Even if you don’t wake up to the bubbly froth-fest of Live every day, the departure of Regis Philbin from the show is big news. The 79-year-old Philbin is a broadcast legend, having gotten his start in the sixties with the Regis Philbin Show on KGTV in San Diego. He is one of the last remaining working stars from the era of Jack Paar, Steve Allen, Ed McMahon, and Johnny Carson — a time when white men who weren’t quite comedians could have rich careers hosting a string of talk, variety, and game shows based on their charming personalities. (Joan Rivers also got her start in that era, having apprenticed with Carson; the ailing Dick Clark, of course, still works once a year.) These days Regis’s old age has become something of a running gag on Live; Ripa gracefully covers for his forgetful senior and occasional old-man-perv moments, and together they joke that technological advances like the Internet are “just a fad.” It was a good shtick, but it also was a pretty clear signal that it was just about time for him to go. And if there was one thing those old-school guys worshipped, it was timing.

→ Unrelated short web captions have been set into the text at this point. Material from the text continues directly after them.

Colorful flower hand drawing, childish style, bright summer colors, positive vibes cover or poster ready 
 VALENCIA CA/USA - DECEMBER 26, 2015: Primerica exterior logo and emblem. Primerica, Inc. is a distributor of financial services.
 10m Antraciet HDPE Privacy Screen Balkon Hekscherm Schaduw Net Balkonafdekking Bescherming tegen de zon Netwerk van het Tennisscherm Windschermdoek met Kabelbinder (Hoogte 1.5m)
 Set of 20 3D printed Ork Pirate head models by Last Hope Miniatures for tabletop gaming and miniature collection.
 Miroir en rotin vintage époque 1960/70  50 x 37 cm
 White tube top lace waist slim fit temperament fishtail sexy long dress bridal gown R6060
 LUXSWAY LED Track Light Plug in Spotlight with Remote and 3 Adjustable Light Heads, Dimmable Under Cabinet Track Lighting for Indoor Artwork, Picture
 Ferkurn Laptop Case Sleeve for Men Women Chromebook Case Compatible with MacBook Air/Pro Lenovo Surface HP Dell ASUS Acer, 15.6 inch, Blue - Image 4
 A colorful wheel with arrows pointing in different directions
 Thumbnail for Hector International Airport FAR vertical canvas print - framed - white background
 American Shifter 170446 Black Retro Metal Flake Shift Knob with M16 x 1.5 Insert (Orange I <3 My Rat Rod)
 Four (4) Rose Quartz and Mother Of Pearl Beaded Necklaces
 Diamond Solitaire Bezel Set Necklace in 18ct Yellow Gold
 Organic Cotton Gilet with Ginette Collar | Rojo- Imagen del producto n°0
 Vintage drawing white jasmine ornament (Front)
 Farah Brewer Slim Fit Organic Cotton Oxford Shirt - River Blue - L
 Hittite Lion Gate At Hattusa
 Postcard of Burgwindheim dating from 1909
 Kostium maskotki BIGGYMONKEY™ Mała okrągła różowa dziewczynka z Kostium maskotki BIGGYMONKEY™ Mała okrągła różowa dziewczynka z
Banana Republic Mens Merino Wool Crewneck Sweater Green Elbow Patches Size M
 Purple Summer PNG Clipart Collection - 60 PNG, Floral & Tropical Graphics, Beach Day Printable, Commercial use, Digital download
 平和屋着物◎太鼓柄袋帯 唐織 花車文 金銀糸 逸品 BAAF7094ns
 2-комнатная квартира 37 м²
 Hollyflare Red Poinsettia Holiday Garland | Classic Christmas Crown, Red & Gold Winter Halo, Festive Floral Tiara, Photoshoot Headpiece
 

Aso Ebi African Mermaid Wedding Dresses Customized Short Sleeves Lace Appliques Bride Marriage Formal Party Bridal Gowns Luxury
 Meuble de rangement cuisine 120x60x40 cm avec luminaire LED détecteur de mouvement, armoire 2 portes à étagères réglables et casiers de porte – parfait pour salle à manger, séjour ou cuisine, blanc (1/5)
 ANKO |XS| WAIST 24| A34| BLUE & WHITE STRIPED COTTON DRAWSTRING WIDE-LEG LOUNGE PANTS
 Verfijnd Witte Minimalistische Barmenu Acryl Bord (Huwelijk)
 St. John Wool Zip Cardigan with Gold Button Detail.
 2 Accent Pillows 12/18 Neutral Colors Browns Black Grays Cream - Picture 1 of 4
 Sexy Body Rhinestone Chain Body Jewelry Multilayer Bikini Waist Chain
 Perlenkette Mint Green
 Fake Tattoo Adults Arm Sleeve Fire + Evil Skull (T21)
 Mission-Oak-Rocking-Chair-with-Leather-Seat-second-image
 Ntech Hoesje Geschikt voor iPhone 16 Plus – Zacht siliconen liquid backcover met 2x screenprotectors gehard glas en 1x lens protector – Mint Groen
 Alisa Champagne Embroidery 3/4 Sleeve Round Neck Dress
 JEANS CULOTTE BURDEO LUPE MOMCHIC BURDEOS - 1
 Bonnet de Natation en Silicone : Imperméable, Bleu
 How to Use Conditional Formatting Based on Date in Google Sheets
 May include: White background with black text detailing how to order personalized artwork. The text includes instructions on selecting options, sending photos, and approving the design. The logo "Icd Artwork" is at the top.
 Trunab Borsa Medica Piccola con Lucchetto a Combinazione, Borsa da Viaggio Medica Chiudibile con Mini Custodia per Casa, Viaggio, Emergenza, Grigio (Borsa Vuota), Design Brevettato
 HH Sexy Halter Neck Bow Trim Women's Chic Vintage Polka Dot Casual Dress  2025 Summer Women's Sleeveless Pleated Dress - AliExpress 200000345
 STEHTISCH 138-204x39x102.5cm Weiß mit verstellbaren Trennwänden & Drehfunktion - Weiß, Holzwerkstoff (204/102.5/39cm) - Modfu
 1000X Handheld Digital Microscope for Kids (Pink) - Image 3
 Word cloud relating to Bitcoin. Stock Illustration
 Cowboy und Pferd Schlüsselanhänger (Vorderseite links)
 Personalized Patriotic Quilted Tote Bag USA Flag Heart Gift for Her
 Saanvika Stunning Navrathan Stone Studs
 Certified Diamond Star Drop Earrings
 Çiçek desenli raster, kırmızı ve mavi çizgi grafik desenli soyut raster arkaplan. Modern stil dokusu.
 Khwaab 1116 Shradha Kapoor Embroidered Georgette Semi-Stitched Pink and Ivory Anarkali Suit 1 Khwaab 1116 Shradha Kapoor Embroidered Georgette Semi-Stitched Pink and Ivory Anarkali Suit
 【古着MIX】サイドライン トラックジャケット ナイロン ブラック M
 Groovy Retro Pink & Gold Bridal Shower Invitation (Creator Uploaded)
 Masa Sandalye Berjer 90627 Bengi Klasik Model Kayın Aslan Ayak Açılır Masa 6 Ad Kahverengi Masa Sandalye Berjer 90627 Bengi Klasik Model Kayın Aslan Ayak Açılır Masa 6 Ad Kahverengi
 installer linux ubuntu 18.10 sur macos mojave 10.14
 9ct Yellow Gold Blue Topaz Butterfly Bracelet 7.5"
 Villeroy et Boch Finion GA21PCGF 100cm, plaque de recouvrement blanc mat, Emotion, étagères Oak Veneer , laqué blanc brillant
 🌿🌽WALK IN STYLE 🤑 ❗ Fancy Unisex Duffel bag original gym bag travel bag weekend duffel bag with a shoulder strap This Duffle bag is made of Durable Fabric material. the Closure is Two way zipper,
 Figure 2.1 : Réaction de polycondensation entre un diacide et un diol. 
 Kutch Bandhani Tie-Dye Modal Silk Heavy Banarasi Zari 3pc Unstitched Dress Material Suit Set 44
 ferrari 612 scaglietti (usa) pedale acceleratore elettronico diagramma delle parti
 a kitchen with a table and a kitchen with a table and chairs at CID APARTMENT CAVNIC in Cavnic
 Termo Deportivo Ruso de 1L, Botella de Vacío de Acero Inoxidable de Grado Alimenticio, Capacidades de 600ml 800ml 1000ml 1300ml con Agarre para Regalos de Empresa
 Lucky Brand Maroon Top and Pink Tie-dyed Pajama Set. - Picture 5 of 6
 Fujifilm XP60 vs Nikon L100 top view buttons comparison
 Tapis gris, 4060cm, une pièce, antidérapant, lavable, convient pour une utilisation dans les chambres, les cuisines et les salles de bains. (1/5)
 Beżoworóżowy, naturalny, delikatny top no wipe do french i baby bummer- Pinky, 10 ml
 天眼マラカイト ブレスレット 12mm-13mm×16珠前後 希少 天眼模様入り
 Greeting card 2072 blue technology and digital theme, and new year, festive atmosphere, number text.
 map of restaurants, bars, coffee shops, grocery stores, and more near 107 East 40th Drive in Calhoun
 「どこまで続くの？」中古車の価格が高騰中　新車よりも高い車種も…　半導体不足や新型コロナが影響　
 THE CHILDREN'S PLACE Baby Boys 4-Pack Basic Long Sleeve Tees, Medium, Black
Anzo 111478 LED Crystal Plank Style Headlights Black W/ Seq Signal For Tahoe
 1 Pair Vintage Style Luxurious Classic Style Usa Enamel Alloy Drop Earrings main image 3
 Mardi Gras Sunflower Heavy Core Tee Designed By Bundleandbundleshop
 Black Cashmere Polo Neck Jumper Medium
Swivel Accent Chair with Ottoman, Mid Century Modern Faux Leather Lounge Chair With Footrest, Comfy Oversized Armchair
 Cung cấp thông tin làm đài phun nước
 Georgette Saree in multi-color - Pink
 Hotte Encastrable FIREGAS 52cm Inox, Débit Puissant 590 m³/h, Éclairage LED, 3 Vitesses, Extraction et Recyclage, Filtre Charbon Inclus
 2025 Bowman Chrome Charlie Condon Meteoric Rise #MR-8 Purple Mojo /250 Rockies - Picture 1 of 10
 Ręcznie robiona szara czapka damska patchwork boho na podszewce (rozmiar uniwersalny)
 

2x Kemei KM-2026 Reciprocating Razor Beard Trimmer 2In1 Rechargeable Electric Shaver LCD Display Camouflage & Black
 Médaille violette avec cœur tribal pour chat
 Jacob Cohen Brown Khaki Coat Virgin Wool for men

In truth, for some time Ripa has admirably carried the weight of the show on her tiny, toned shoulders. For all she comes across as a chirpy morning-show blonde, she’s actually a brilliant talent — quick with a joke, and with an incredible skill for keeping things moving along brightly and energetically. (If you ever had the misfortune of watching her sit alongside various regular celebrities on her friend Jerry Seinfeld’s dreadful show The Marriage Ref, you saw just how much she was better than the rest.) Over the past couple of years, as Philbin has taken more and more time off, Ripa has sat with a rotating cast of funny guest co-hosts. Most frequent among them are CNN’s Anderson Cooper, How I Met Your Mother’s Neil Patrick Harris, Survivor host Jeff Probst, Ripa’s husband, Mark Conseulos, late-night host Jimmy Kimmel, and comedian Howie Mandel.

For a while now, buzz has centered upon Cooper as a possible Regis replacement — in fact, Regis has even joked about it on the air. But now Cooper is scheduled to launch his own solo daytime show, Anderson, at the end of the summer and continues to have a contract with CNN. Neither Regis nor Kelly specified on the air how a replacement would be hired, but ABC News indicated that the franchise will continue nearly as is. “The Disney-ABC Television Group plans to name a new personality to join Kelly Ripa,” the network said on its website.

When Ripa was chosen to replace the popular Kathie Lee Gifford, it was through a lengthy search and audition process. The then–All My Children star was up against experienced daytime hosts and higher-profile celebrities but won out through her charm and rapport with Regis. Since stunts like anchor searches draw in viewers, it wouldn’t be much of a surprise if the show tried the same thing again. There’s little doubt that they’d pair Ripa off with a man, but whether they opt for a young, fresh face to appeal to new viewers, or an older familiar one to appease the show’s older-skewing Regis fans, remains to be seen.

With the departure of Larry King, who like Regis is in his late seventies, an era of television truly does seem to be finally trickling to an end. They were among the last of the aging workaholics, men and women who stayed quick on their feet long after the average retirement age by taking to the airwaves every day to amuse and inform. Somewhere in New York today, 81-year-old Barbara Walters and 77-year-old Joan Rivers may be clinking Champagne glasses and saying: “And then there were two.”